• Problem description
In the data below, set down exactly the lines from the one containing "Швейна машинкп ОРША ЗШМ" up to and including the one containing "Photo - 23 Feakle". Leave the pictures out.

• Source material
******
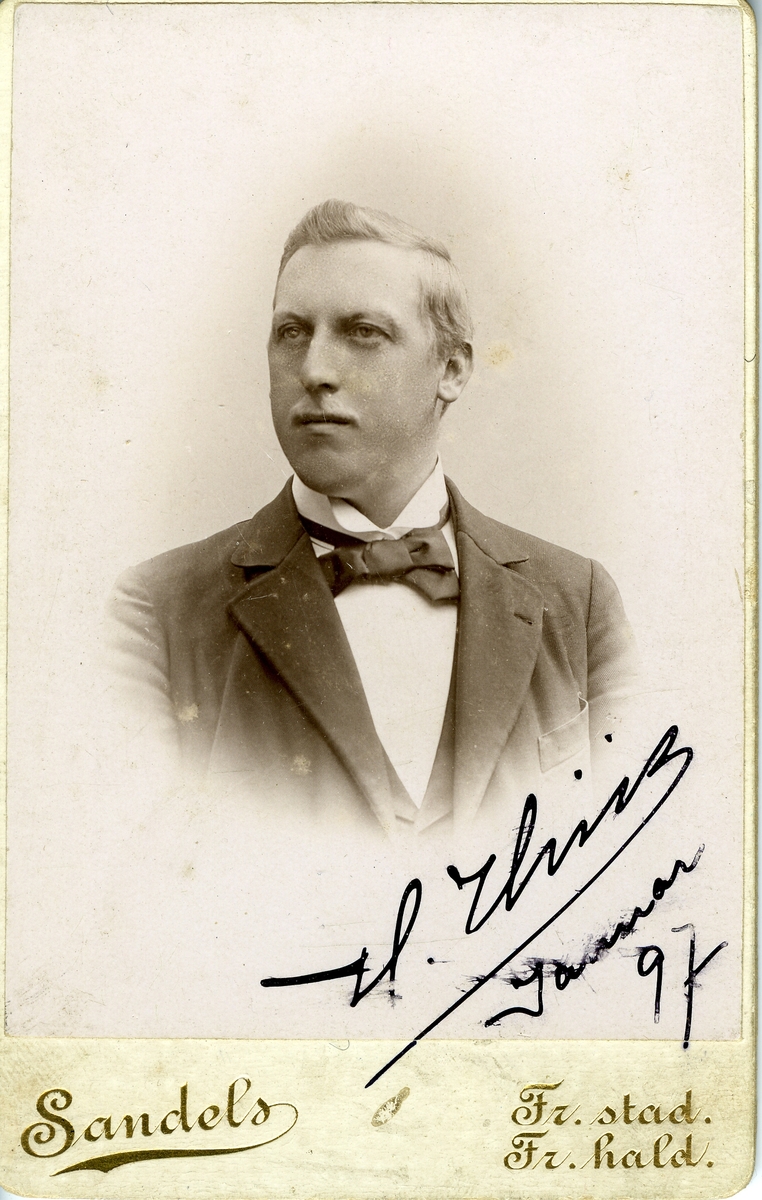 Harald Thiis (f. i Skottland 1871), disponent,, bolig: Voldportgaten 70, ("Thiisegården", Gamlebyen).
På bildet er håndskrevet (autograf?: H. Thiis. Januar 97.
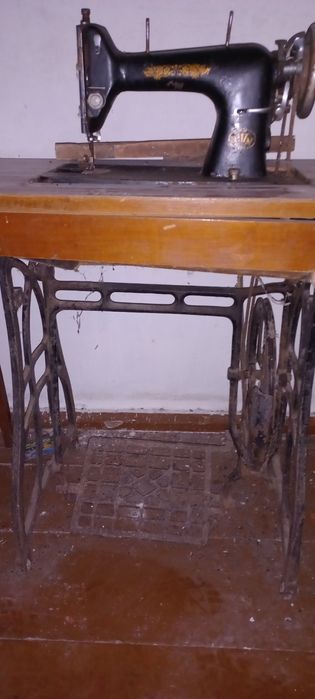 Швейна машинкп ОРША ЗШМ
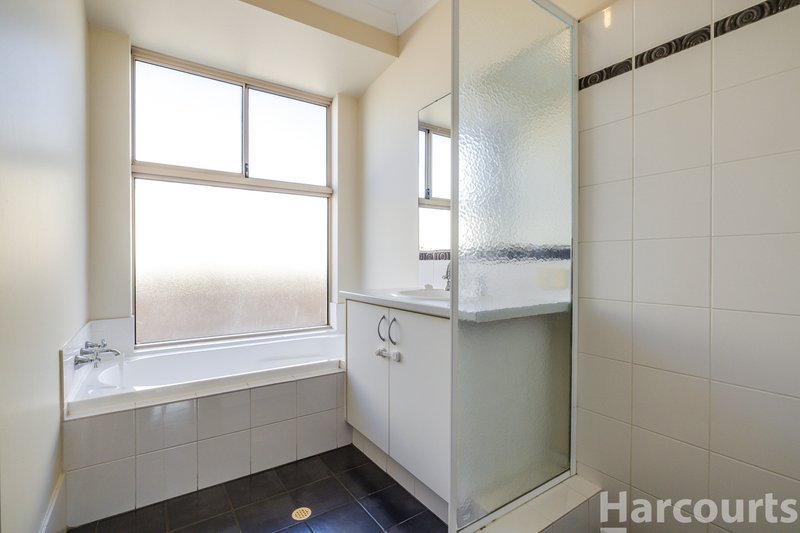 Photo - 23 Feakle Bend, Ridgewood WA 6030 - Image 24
******
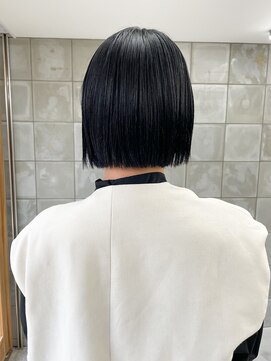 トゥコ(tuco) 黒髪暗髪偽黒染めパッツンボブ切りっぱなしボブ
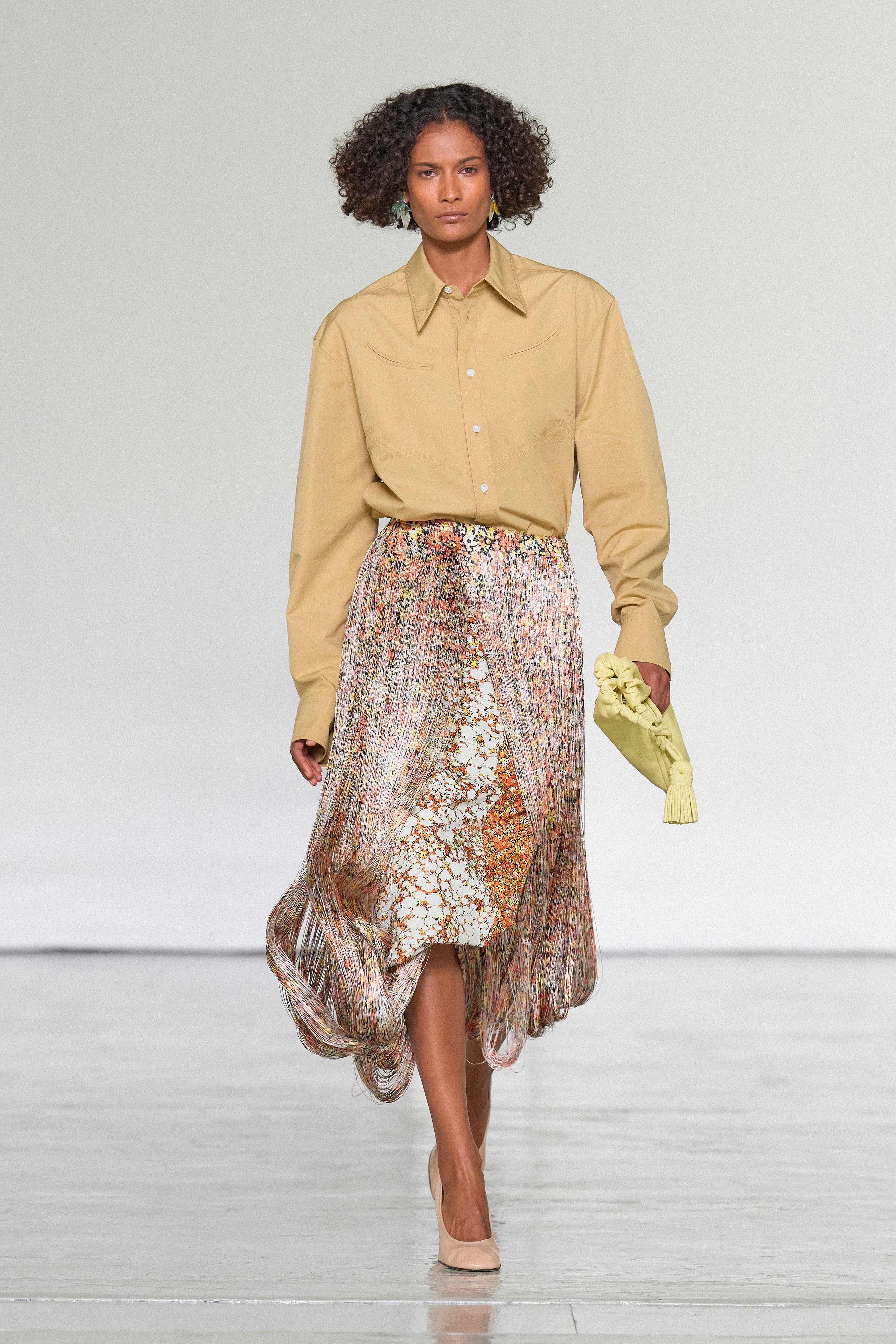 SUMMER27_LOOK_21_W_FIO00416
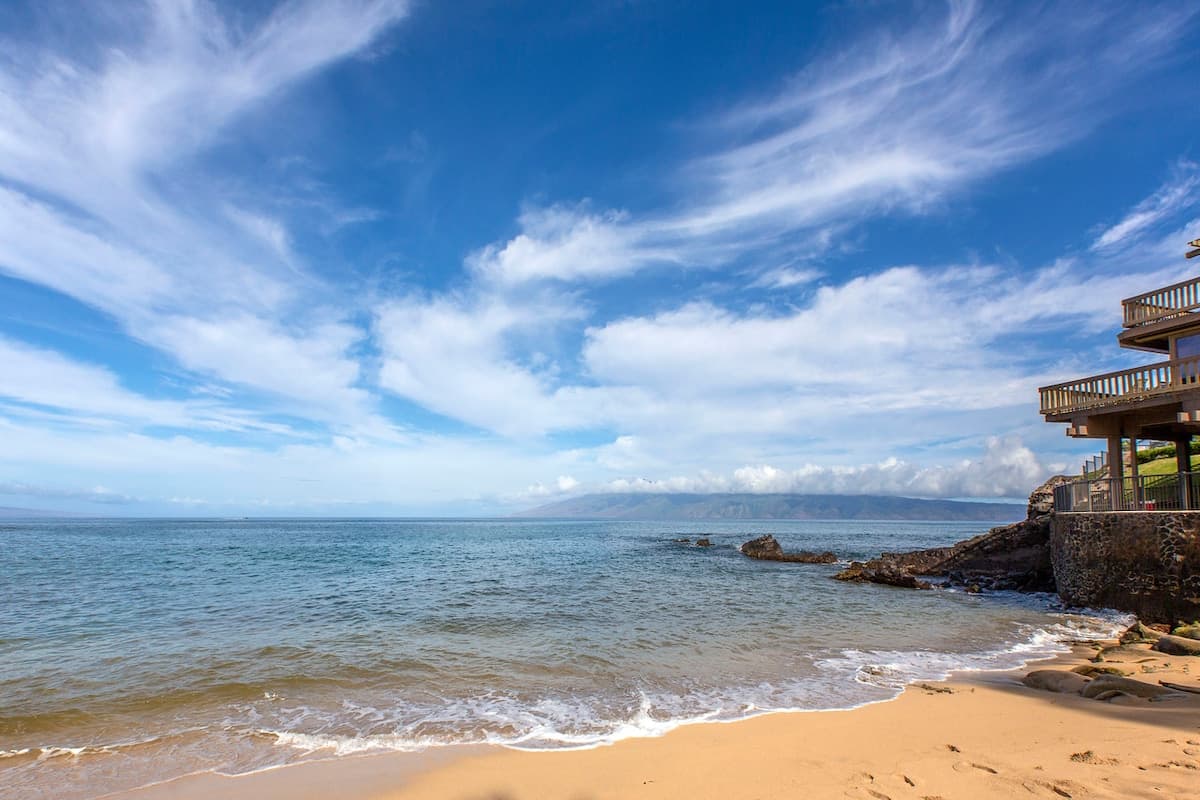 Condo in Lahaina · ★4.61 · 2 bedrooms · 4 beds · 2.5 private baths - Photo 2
******
• Solution for this problem
 Швейна машинкп ОРША ЗШМ
 Photo - 23 Feakle Bend, Ridgewood WA 6030 - Image 24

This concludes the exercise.